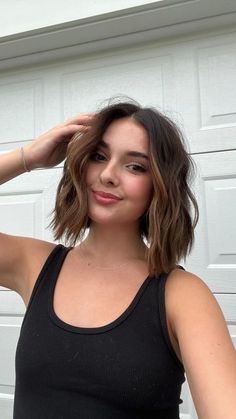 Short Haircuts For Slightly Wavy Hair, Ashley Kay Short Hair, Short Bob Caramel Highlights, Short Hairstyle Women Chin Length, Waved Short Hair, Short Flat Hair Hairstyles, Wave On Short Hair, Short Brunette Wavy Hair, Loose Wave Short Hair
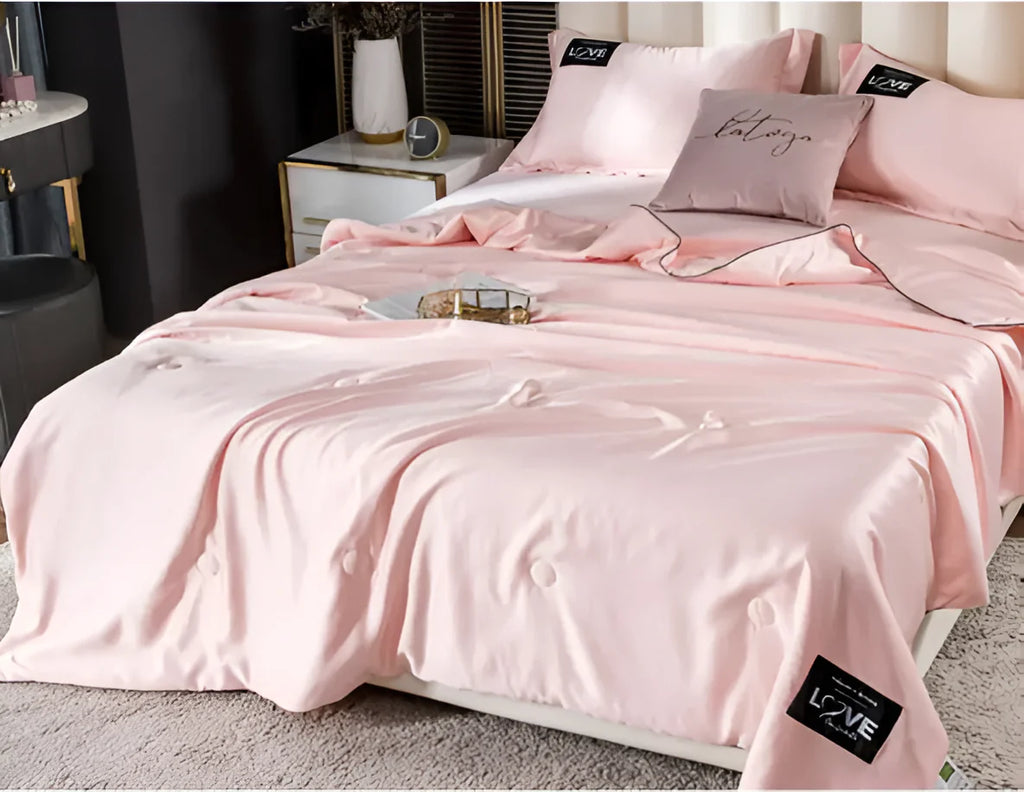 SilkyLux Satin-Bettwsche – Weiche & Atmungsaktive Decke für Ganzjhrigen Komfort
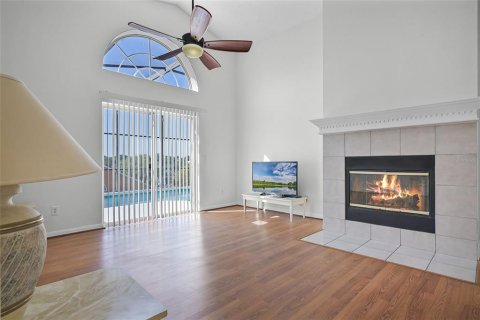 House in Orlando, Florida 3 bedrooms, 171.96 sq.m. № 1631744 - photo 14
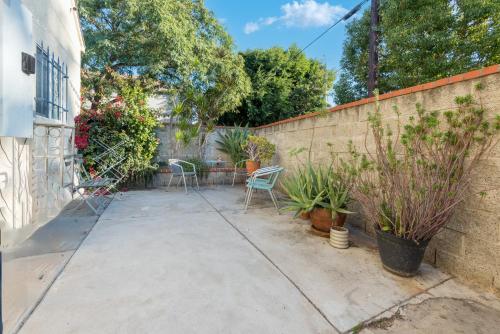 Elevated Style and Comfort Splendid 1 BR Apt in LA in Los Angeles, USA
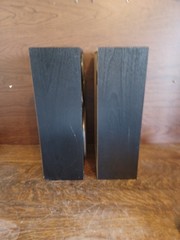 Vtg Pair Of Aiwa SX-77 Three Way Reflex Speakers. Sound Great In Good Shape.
-------------------------
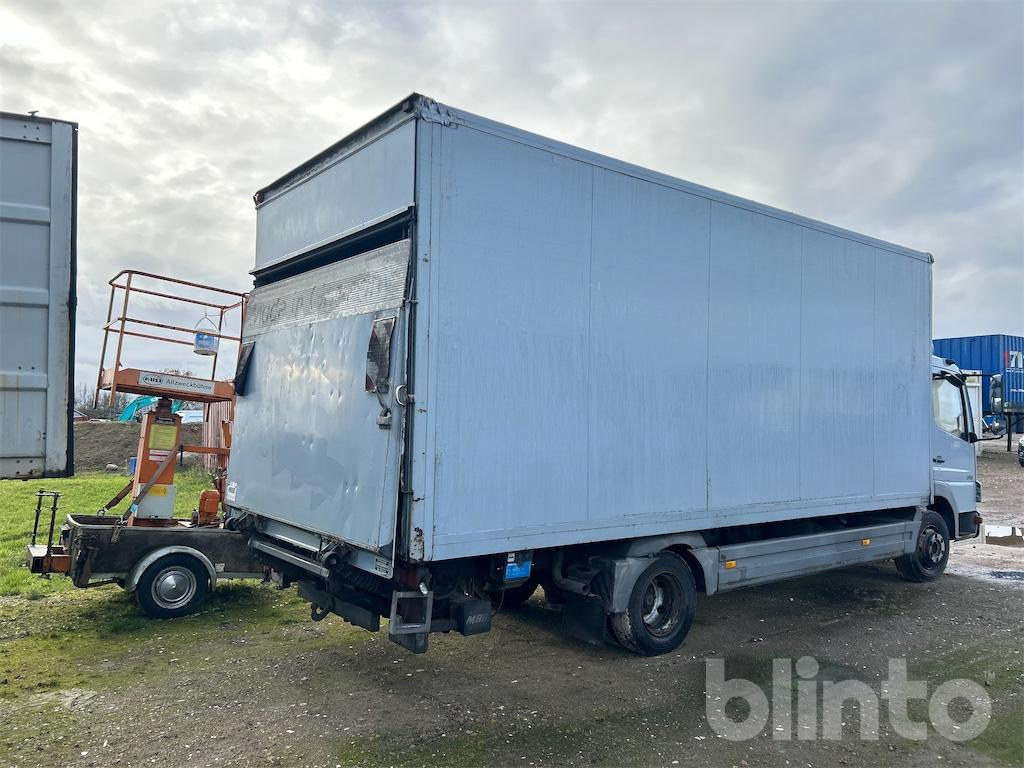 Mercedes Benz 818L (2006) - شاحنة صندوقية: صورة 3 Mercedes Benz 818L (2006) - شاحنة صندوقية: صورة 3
-------------------------
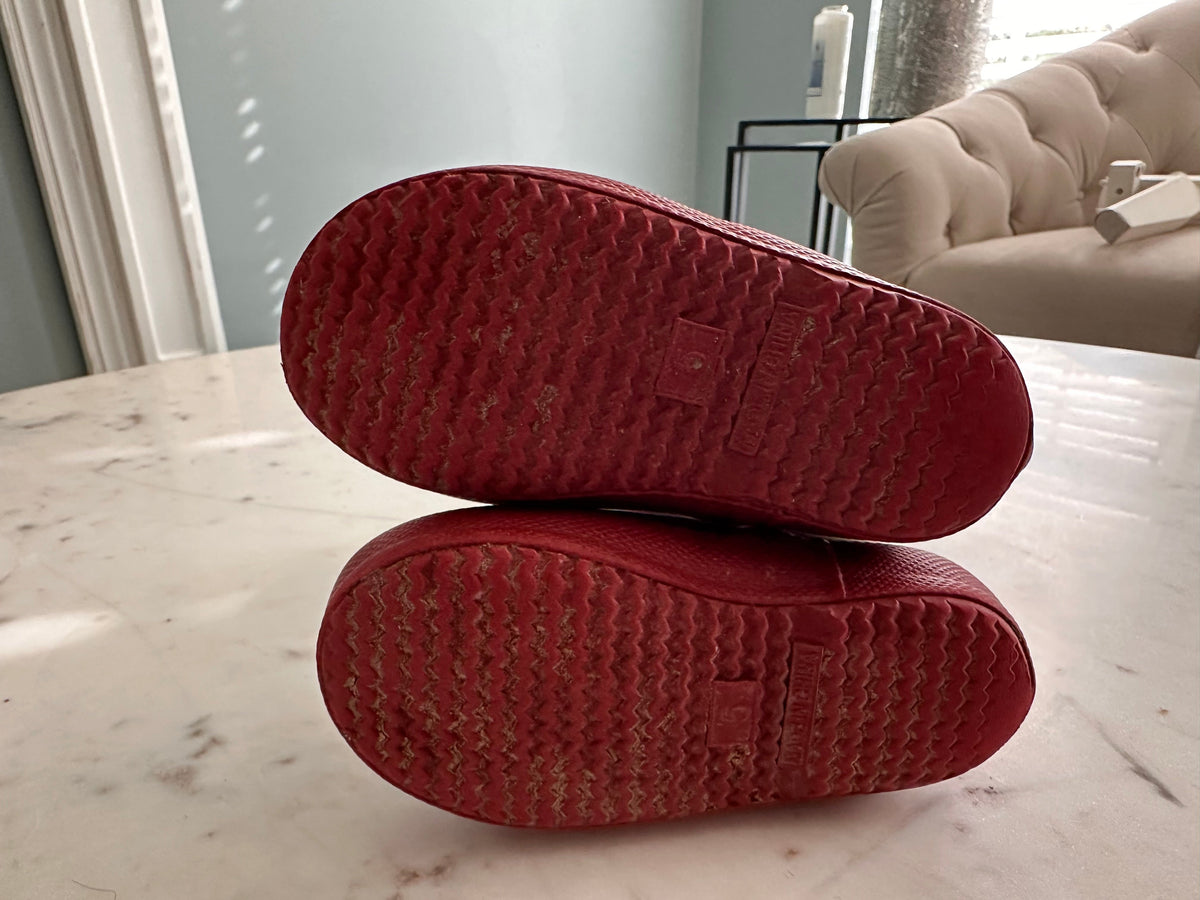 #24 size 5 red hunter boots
-------------------------
§ **WORK INSTRUCTION**
Once the line with "SilkyLux Satin-Bettwsche –" is found above, transcribe each line from it through the line with "Vtg Pair Of", exactly, and omit the pictures.

§ **WRITTEN SOLUTION**
 SilkyLux Satin-Bettwsche – Weiche & Atmungsaktive Decke für Ganzjhrigen Komfort
 House in Orlando, Florida 3 bedrooms, 171.96 sq.m. № 1631744 - photo 14
 Elevated Style and Comfort Splendid 1 BR Apt in LA in Los Angeles, USA
 Vtg Pair Of Aiwa SX-77 Three Way Reflex Speakers. Sound Great In Good Shape.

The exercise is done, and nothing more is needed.